Innate Knowledge?

by Peter Chapman

innateidea

It seems that some in the field of A.I. wish to start at a nerve cell as the basic building block. However, to build a floating point arithmetic using nerve cells to me seems like quite a challenge (since I have written these functions in assembly language). I decided to jump ahead several million years in evolution. A nerve cell is too low level for me. That’s not to say that we will forgo some of the underlying principals, but it doesn’t need to be our basic building block.

The first microprocessors did not support floating point instructions. Instead, floating point functions where created out of more primitive integer instructions. Somewhere in the early history of microprocessors, they added floating point instructions to the base instruction set.

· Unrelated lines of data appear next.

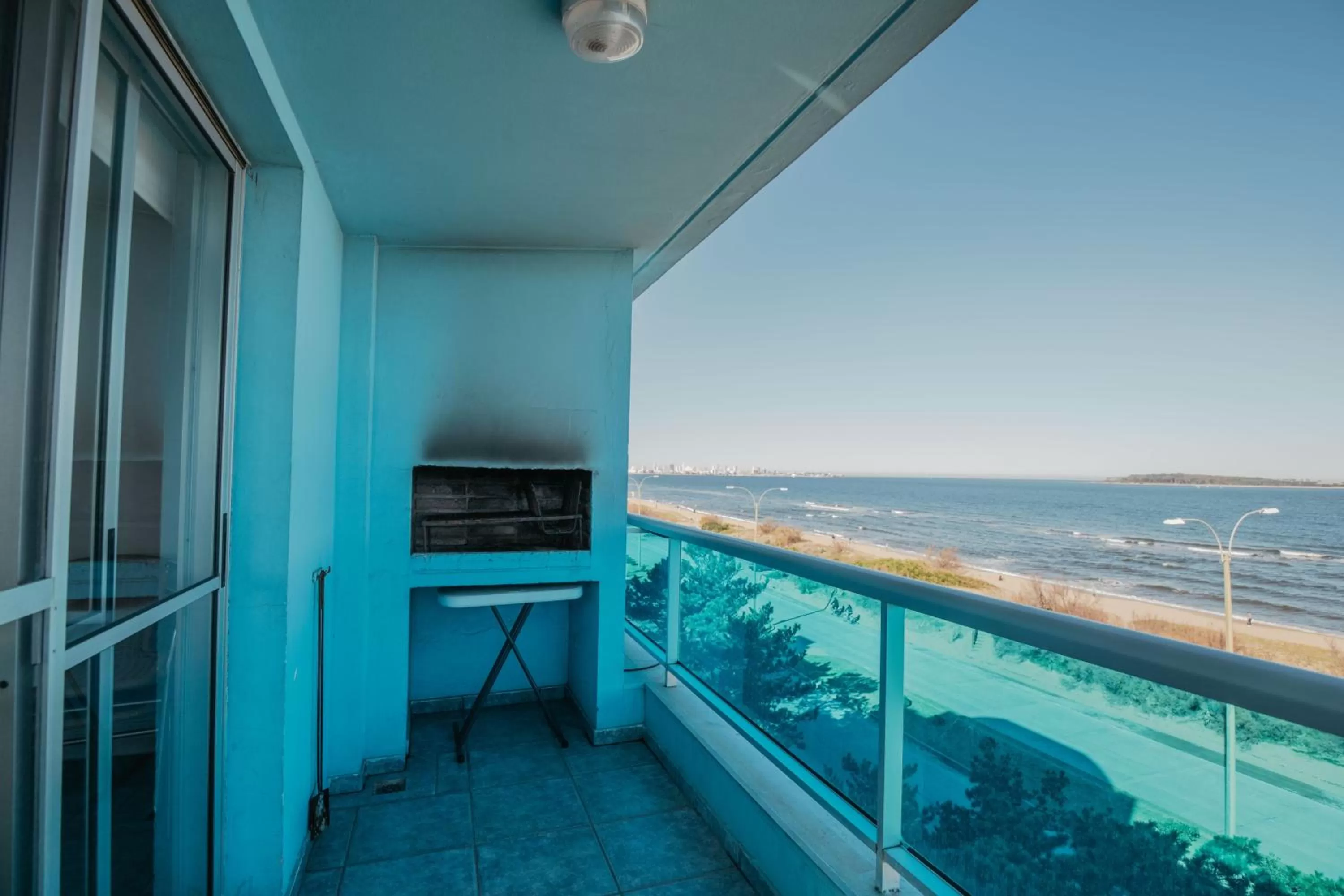 Apart Hotel Punta Azul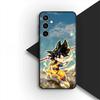 For Motorola Moto Edge 70 60 Fusion NEO Pro G56 G96 G04 G05 20 G Stylus Phone Case Son Gohan Dragons Gokus Balls DragonBalls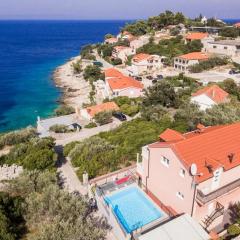 Seaside family friendly house with a swimming pool Prigradica, Korcula - 21022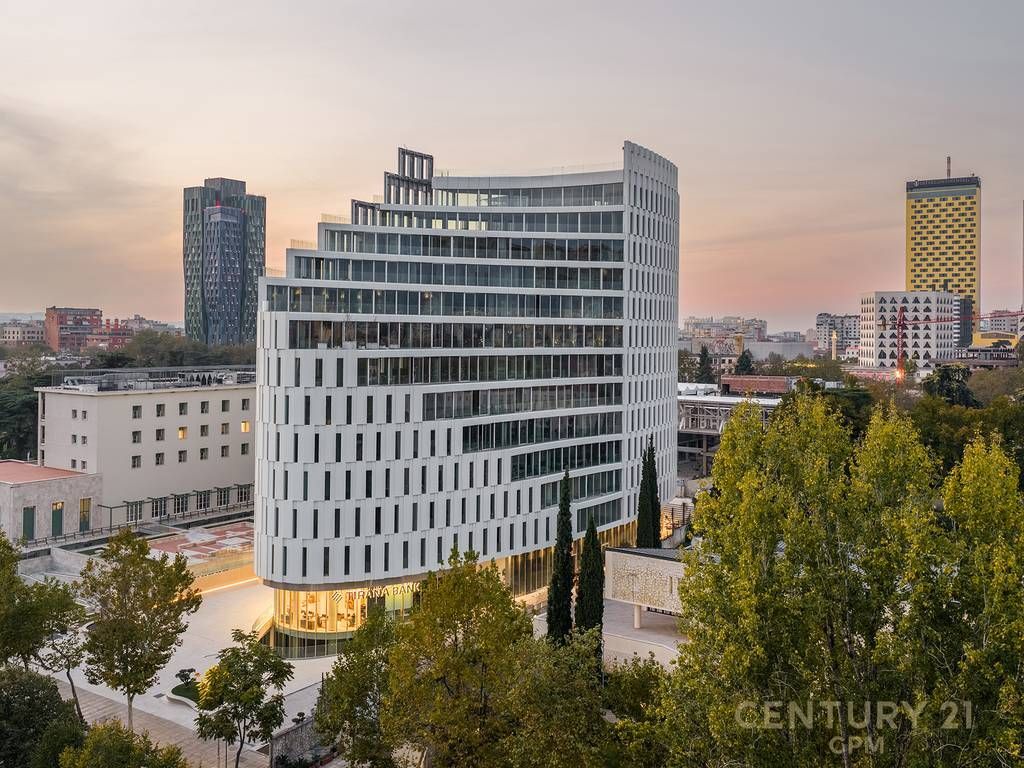 Ufficio d'élite in affitto - Met Building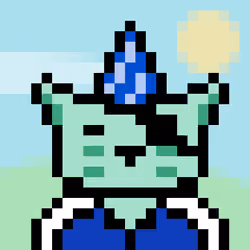 PixelBeast #1215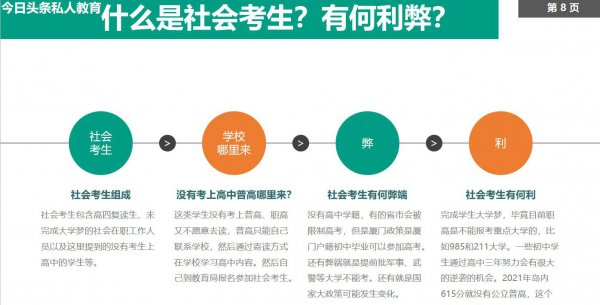 普高是什么意思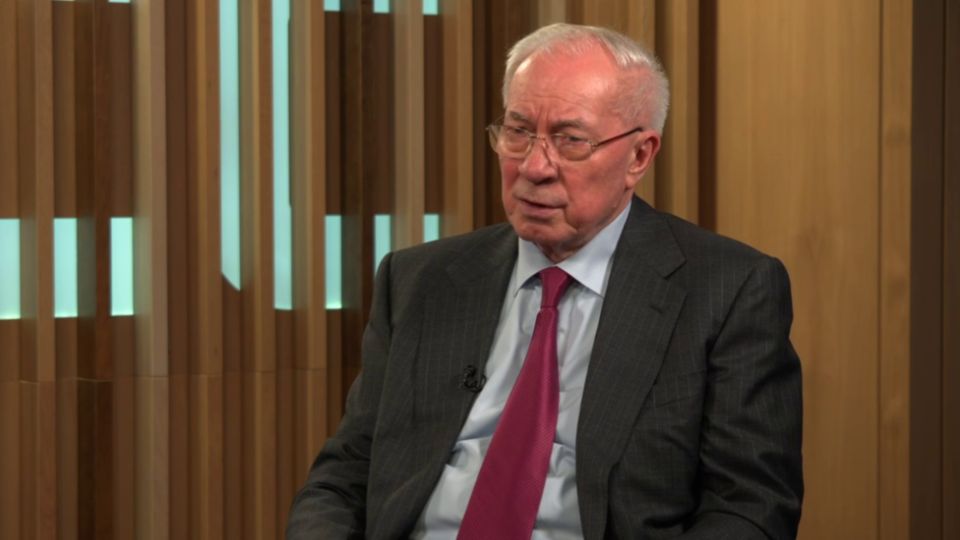 Азаров призвал Трампа не совершать роковую ошибку с поставкой Tomahawk Киеву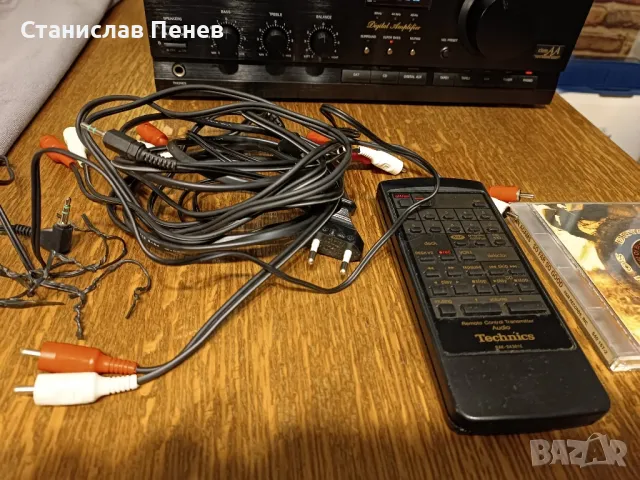 Technics SU-X 901& Friends, снимка 9 - Ресийвъри, усилватели, смесителни пултове - 48836720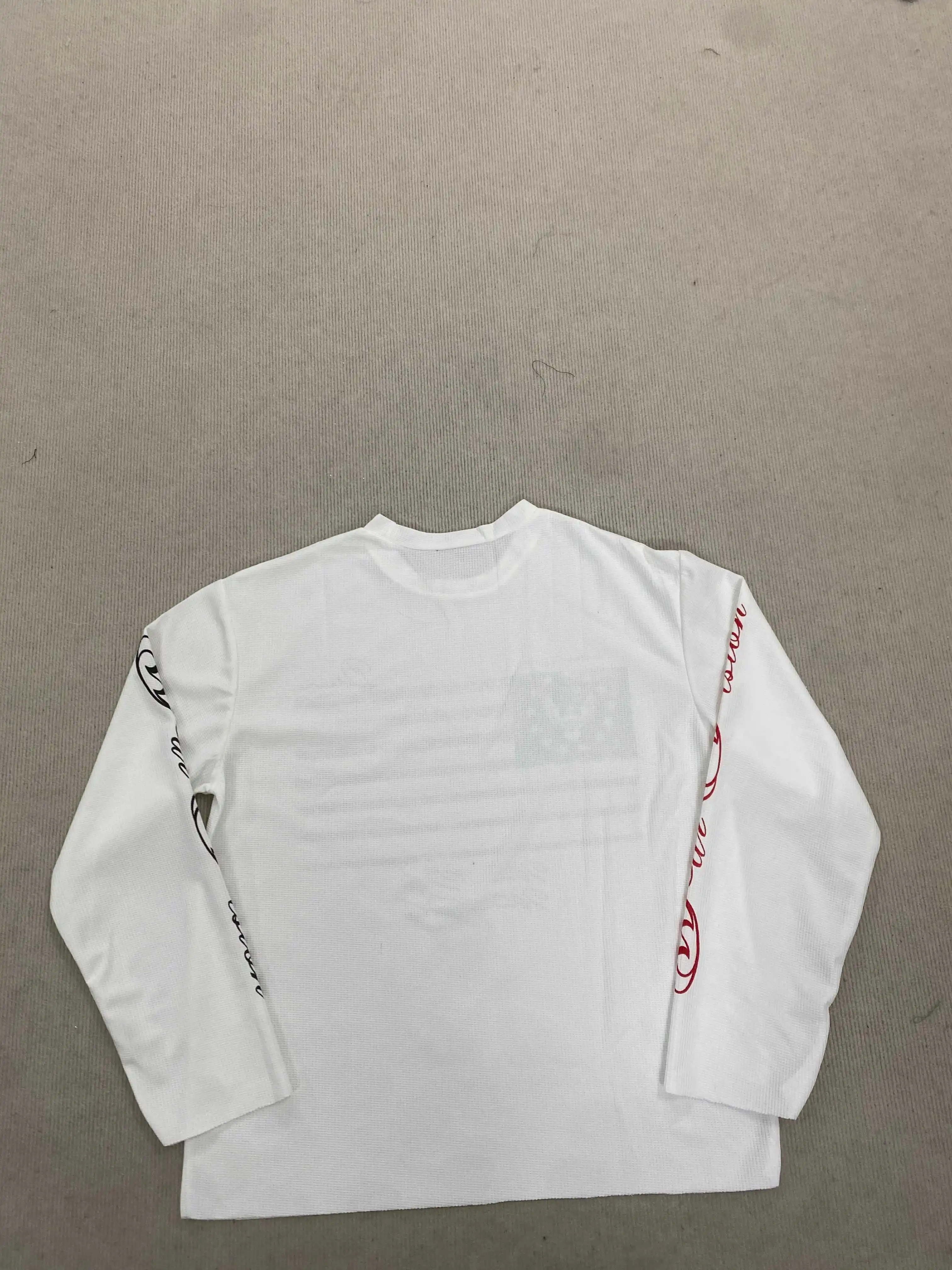 American Streetwear Long Sleeve Top – Women's Tops - Image 3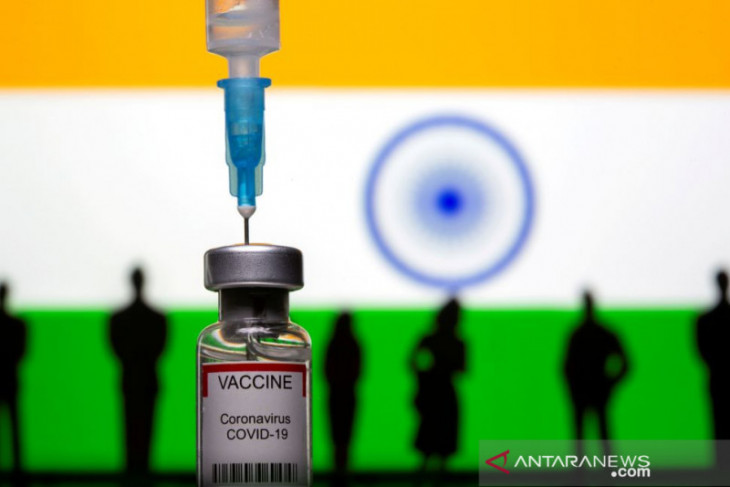 India  akan produksi vaksin Cadila anti COVID-19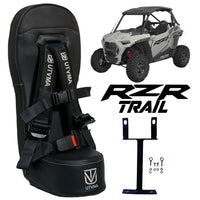 RZR Trail Bump Seat  (2015-2026)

This leads to a most important question: What is the base instruction set for Strong A.I. or another way of thinking about it is what is the Strong A.I. innate knowledge? Should integer instructions be included? How about floating point? What other concepts? How about time? How about things it can never directly experience such as color? Wouldn’t it be better to have a sighted person define as part of the base instruction set a concept of color rather than trying to teach a blind program about the concept? Is the base instruction set immutable. Over time, can the A.I. engine come to it’s own meaning replacing or adding to the meaning given to by the original programmers?

And it is clear, that not all learning can come from the base instruction set. Somewhere you have to bite the bullet and get to the A.I. piece. And maybe in this sense, that starting with nerve cells allows you to focus on this question without all the clutter.

I don’t have all the answers yet, but very interesting questions, indeed!